## EXERCISE GOAL
Begin at the line below that has "So let's check". Stop after the line that has "If you thought", repeating each line exactly and leaving out the pictures.

Stored data:
———
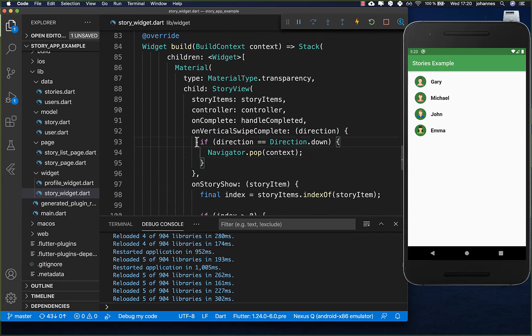This was exactly what we implemented inside our story widget with onVerticalSwipeComplete - every time we swipe down it closes the stories. Thank you so much for watching this video. Please give it a thumbs up and subscribe to my channel for the latest news about Flutter. See you soon!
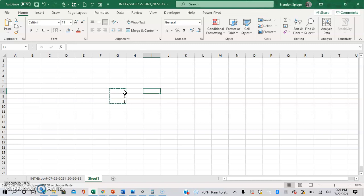But little animations like this take up computer resources. If you want Excel to run a little bit faster, then you can actually turn these animations off and improve your flow and quality of your worksheets.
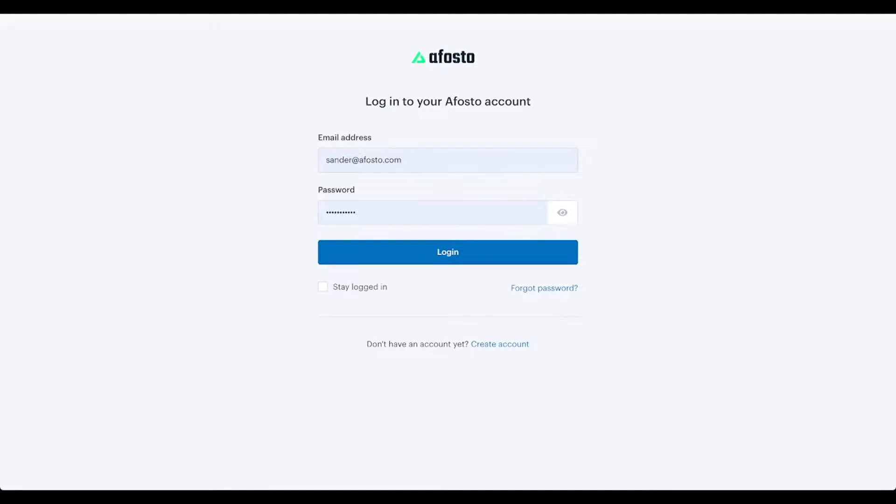Hi guys, welcome. It's Sander from Avosto. Today I'm going to be showing you a demo of how to set up Quick for a WordPress website. First of all, we need to create an Avosto account.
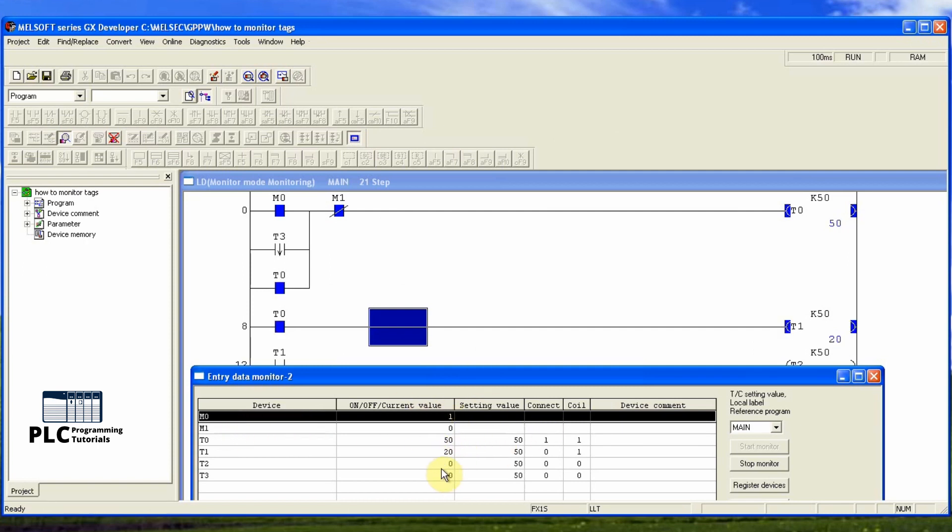Timers current values and the timer coil status is also being monitored. Whenever timer is done, its connected done bit is also monitored and displayed.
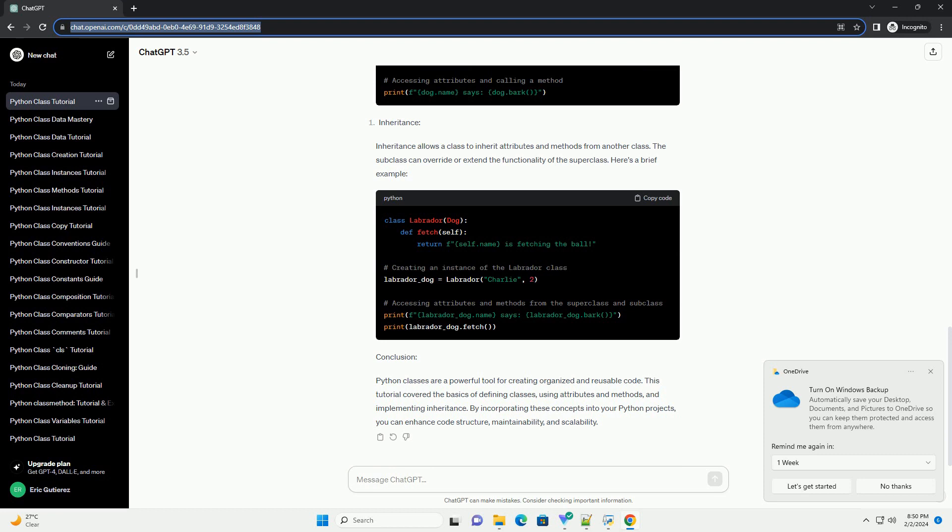Conclusion: Python classes are a powerful tool for creating organized and reusable code. This tutorial covered the basics of defining classes, using attributes and methods, and implementing inheritance.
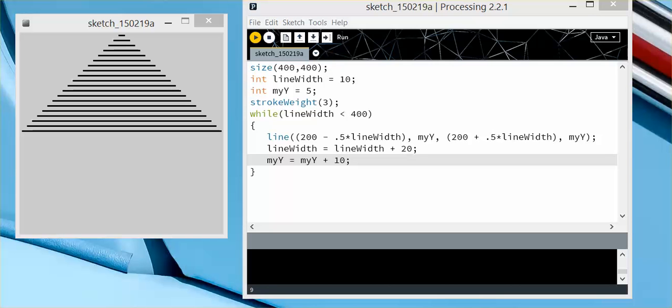This is an example of a while loop. I have two initial variables, the line width, which is going to determine the width of the line appearing on the screen.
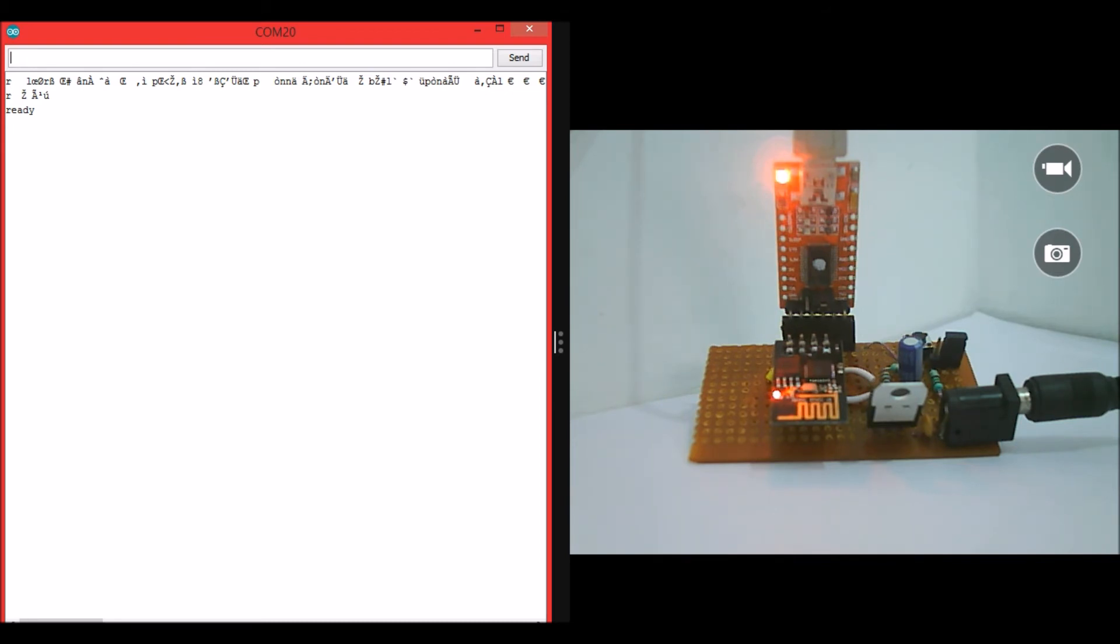So let's check it with AT. So when I send in AT, it gives me a command back OK. This means that a successful connection has been established.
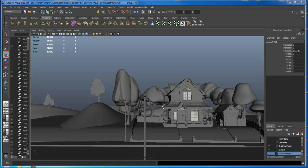Hi guys, welcome back. I'm going to do a demo right now. We're going to talk about how to start distorting our house, and I'm going to walk you through a couple of basic steps.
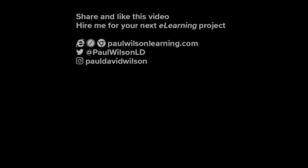If you thought this video was useful, please share it with your colleagues. If you need help with your next e-learning project, consider hiring me. My focus is to create effective e-learning that helps you achieve your business goals. Visit my website at PaulWilsonLearning.com, follow me on Twitter at PaulWilsonLD, and don't forget to subscribe to my YouTube channel.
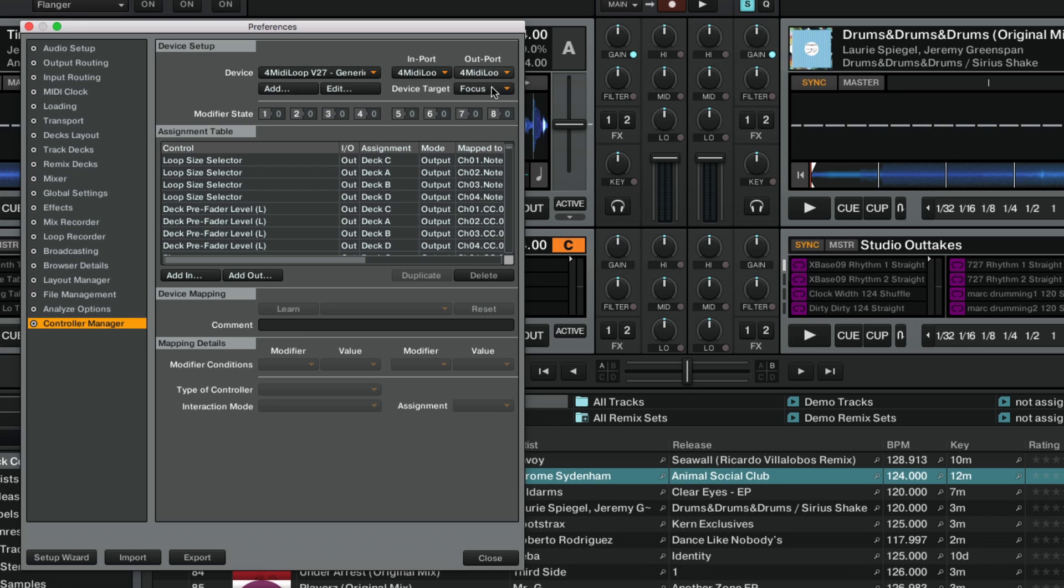Note that it is not necessary for the controller mapping to remain selected in the Device menu. The controller will interact with the software at all times once the correct MIDI ports have been set.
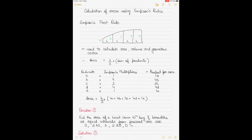This is another video on the topic of ship stability, focusing on the calculation of areas using Simpson's rules. These rules are very popular and are often used by mariners as well as naval architects because they can be used to calculate the area, volume, as well as the geometric center of a space enclosed by a straight line and a curve.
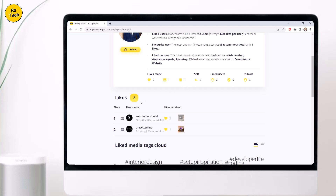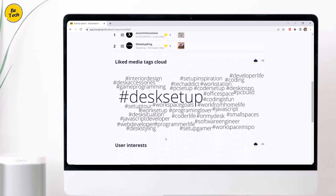There is a likes section that shows the likes received by the user we are tracking from other users — the user who liked more posts will be on top, and so on. You will also see the followers section that shows the new followers of the tracked user with date and time. Then there is a liked media tags section which shows the tags liked by the user and how many times in the previous week. The greater the size means it is more liked by the user. You can drag over the tags to see the number of times they are liked, or you can see them in list view from this button.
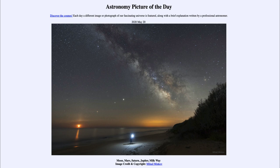So that was our picture of the day for May the 20th of 2020, titled Moon, Mars, Saturn, Jupiter, Milky Way. We'll be back again tomorrow for the next picture. Until then, have a great day everyone, and I will see you in class.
———
## TASK RESPONSE
So let's check it with AT. So when I send in AT, it gives me a command back OK. This means that a successful connection has been established.
Hi guys, welcome back. I'm going to do a demo right now. We're going to talk about how to start distorting our house, and I'm going to walk you through a couple of basic steps.
If you thought this video was useful, please share it with your colleagues. If you need help with your next e-learning project, consider hiring me. My focus is to create effective e-learning that helps you achieve your business goals. Visit my website at PaulWilsonLearning.com, follow me on Twitter at PaulWilsonLD, and don't forget to subscribe to my YouTube channel.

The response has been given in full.